** Opening Collected data block **
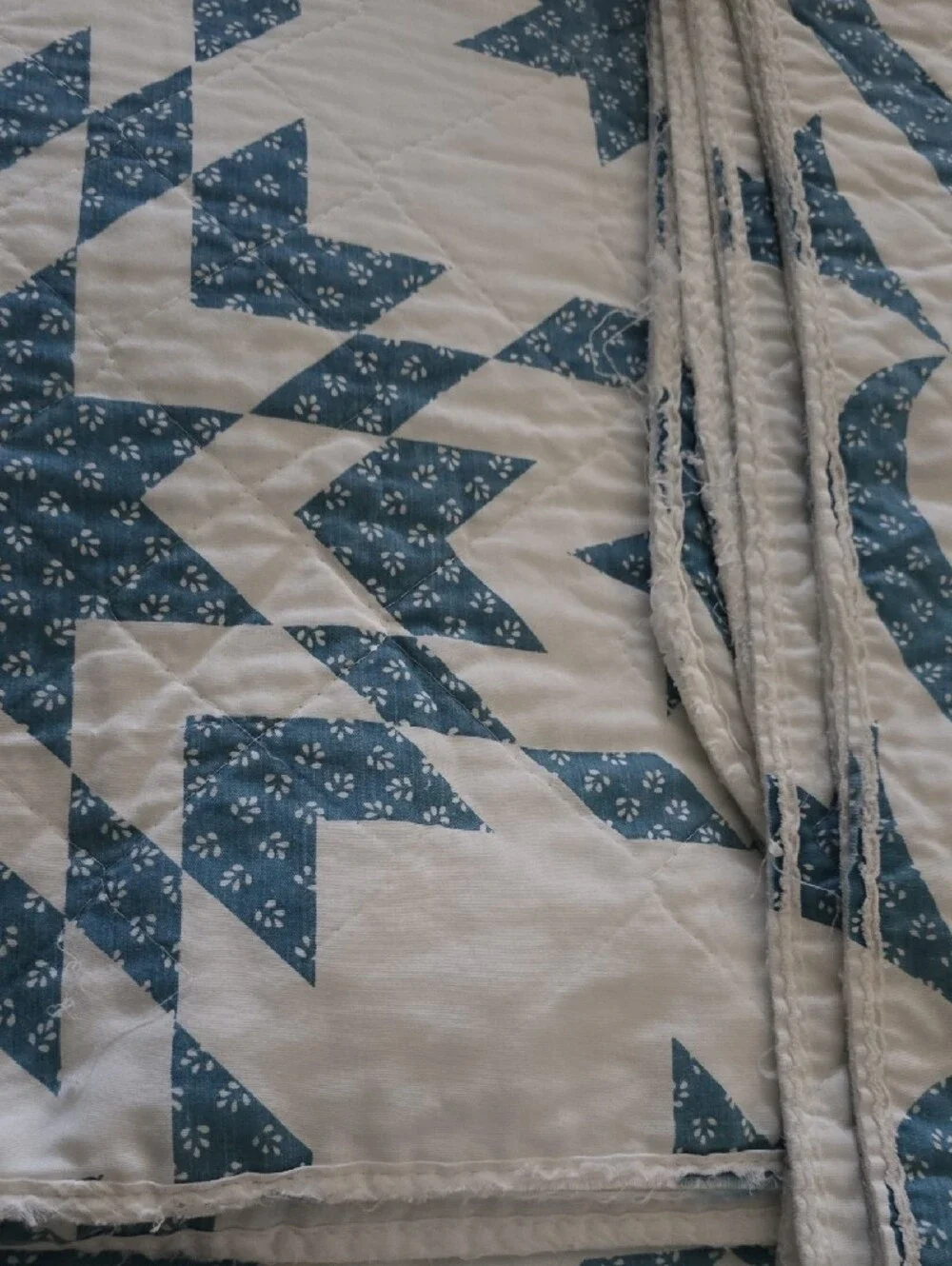 Classic Blue and White Quilted Bedspread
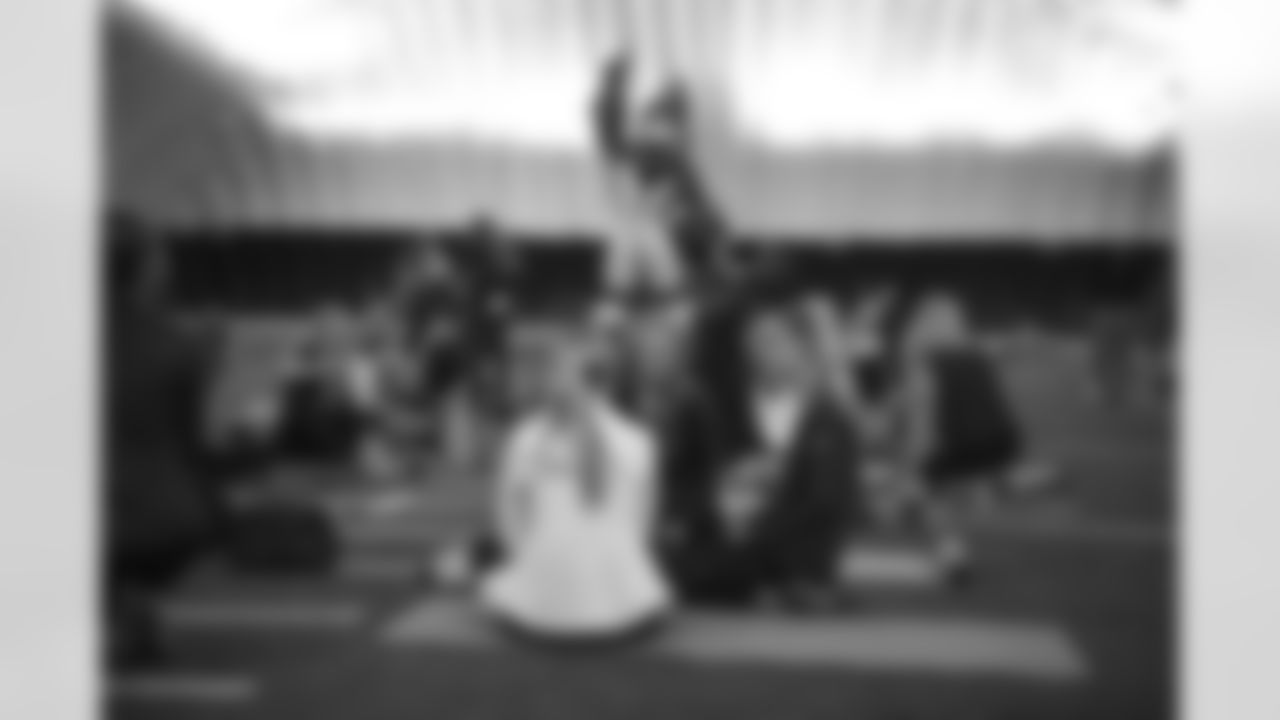 The Arizona Cardinals Cheerleaders host an alumni yoga mixer at the Dignity Health Training Facility on Sunday, March 26, 2023.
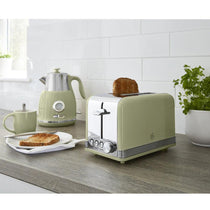 Swan Retro 2 Slice Toaster With Defrost Reheat And Cancel Functions Stainless Steel 815 W - Green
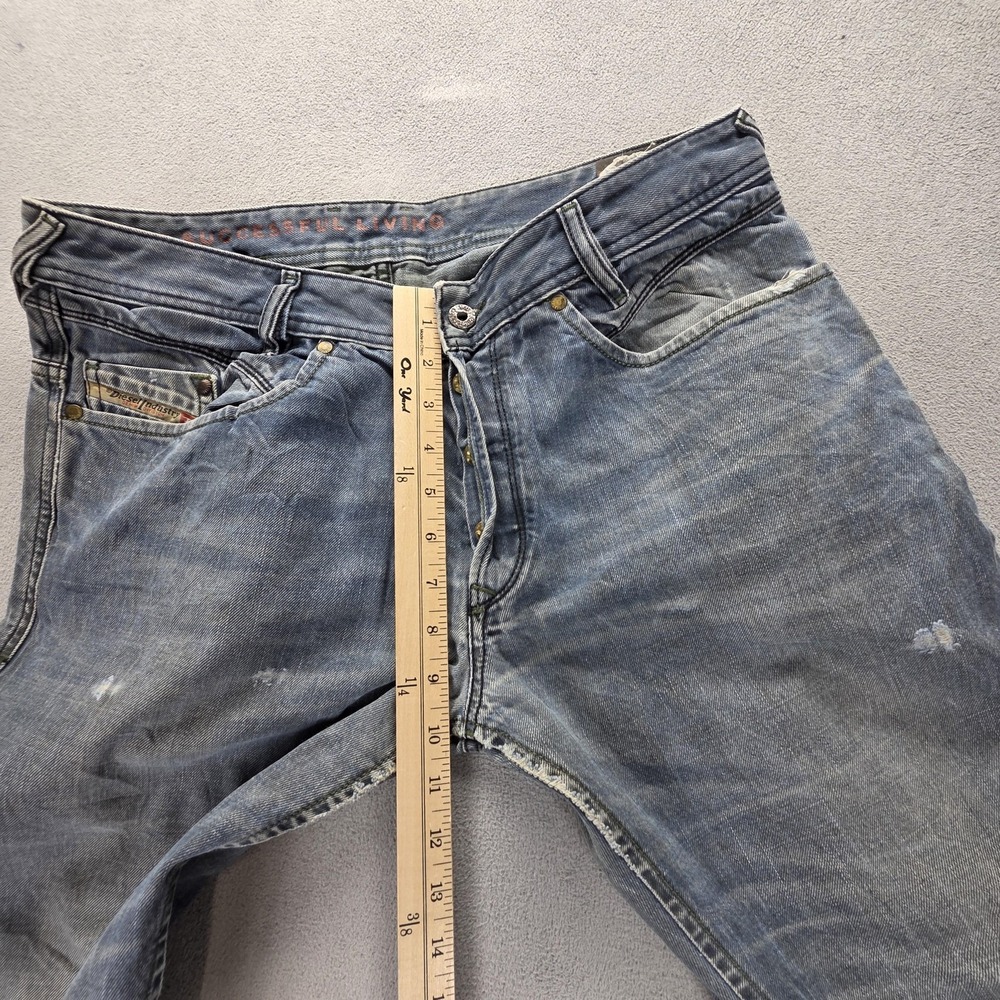 Diesel Jeans Mens 33x32 Blue Iakop Regular Slim Tapered Button Fly Italy 0804J - Picture 9 of 16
** Closing Collected data block **
» What you need to do: The data above is to be printed exactly, all of it, except for the pictures.

» Task answer:
 Classic Blue and White Quilted Bedspread
 The Arizona Cardinals Cheerleaders host an alumni yoga mixer at the Dignity Health Training Facility on Sunday, March 26, 2023.
 Swan Retro 2 Slice Toaster With Defrost Reheat And Cancel Functions Stainless Steel 815 W - Green
 Diesel Jeans Mens 33x32 Blue Iakop Regular Slim Tapered Button Fly Italy 0804J - Picture 9 of 16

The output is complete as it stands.